PROVIDED DATA:
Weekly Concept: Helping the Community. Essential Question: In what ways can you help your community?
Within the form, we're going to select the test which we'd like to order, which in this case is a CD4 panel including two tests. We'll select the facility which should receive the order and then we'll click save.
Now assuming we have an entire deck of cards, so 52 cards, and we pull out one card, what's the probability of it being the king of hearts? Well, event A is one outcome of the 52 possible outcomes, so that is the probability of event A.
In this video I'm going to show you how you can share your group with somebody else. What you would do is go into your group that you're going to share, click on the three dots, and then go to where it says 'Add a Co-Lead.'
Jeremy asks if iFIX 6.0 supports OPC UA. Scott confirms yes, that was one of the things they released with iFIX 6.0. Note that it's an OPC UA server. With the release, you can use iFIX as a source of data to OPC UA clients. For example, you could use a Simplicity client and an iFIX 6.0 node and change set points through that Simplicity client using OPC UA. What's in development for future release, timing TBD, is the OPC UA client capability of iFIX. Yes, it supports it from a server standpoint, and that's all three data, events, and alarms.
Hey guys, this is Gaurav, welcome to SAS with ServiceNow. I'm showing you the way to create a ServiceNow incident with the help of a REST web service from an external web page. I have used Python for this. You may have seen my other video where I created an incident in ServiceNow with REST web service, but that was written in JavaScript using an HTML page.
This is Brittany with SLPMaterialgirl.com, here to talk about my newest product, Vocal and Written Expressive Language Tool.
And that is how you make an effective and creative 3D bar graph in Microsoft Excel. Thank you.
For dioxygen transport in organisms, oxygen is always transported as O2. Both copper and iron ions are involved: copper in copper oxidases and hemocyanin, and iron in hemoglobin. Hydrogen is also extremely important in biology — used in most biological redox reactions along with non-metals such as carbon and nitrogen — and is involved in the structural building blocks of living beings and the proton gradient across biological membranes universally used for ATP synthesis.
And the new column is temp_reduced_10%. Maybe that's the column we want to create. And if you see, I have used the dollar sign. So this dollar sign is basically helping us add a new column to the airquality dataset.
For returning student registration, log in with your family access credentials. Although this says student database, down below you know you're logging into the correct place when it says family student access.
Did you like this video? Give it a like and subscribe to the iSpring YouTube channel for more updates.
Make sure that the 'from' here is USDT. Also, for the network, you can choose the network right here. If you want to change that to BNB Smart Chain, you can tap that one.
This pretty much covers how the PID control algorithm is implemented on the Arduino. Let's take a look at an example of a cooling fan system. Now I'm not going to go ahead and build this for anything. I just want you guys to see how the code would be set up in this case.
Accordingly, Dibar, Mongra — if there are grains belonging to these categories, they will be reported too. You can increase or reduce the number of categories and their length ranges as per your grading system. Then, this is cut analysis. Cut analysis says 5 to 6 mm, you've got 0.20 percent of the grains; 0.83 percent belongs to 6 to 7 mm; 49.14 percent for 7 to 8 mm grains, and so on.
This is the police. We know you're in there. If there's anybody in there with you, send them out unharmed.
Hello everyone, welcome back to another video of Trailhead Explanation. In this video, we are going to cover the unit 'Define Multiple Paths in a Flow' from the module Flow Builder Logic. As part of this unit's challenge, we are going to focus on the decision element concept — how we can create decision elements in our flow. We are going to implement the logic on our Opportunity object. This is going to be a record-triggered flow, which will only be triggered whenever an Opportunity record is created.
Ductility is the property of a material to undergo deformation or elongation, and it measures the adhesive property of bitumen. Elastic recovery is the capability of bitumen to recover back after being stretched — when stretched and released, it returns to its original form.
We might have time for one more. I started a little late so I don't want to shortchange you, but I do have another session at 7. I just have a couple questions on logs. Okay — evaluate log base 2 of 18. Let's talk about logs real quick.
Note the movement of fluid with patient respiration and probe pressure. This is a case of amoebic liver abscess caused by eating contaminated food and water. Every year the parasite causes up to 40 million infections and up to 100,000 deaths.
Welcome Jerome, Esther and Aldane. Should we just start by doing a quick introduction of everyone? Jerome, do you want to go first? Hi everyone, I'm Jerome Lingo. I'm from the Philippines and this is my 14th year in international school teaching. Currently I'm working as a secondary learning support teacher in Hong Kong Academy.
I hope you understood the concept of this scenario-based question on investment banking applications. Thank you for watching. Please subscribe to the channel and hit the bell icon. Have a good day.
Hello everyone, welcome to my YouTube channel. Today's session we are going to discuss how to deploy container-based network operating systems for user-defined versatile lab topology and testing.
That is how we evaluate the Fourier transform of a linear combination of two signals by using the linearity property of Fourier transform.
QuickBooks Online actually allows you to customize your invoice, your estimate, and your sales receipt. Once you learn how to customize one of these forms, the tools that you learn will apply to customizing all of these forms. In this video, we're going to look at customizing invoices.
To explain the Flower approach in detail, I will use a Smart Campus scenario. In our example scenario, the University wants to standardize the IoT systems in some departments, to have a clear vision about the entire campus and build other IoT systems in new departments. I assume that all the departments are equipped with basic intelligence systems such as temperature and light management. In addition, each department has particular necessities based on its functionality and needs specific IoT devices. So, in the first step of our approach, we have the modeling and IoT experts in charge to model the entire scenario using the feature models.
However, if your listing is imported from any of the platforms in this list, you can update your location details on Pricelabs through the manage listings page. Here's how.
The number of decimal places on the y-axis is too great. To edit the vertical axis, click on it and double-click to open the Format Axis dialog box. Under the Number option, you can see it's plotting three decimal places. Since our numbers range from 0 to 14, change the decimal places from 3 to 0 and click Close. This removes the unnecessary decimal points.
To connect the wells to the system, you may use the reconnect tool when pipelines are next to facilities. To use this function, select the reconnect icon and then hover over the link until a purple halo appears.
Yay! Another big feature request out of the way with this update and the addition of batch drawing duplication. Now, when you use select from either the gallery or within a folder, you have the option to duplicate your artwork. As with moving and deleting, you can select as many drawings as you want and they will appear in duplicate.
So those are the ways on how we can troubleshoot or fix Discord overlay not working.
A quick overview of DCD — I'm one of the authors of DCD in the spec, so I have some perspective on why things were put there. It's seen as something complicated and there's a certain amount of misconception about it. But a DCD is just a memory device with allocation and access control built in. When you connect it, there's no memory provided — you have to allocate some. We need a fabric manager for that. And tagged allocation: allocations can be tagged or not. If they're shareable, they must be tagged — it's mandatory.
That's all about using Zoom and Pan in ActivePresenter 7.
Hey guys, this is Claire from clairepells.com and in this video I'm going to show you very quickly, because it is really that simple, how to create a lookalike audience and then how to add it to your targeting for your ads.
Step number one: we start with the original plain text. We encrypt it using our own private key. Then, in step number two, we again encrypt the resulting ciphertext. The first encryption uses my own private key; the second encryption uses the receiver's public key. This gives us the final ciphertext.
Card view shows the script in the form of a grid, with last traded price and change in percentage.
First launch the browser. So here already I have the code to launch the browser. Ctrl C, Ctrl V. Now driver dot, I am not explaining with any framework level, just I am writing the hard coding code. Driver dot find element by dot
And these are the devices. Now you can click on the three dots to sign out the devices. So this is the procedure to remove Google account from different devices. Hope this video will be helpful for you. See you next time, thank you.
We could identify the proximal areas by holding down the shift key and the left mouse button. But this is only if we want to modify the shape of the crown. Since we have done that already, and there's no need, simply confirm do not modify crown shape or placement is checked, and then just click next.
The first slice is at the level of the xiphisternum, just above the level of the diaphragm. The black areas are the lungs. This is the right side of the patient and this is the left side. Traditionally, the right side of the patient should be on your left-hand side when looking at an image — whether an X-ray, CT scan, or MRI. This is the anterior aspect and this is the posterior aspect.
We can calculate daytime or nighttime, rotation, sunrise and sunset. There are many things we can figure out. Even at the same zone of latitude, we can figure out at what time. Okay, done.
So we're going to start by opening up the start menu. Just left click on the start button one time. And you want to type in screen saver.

ASSIGNMENT: Copy out each line in the preceding records that contains "network".

PROBLEM SOLUTION:
Make sure that the 'from' here is USDT. Also, for the network, you can choose the network right here. If you want to change that to BNB Smart Chain, you can tap that one.
Hello everyone, welcome to my YouTube channel. Today's session we are going to discuss how to deploy container-based network operating systems for user-defined versatile lab topology and testing.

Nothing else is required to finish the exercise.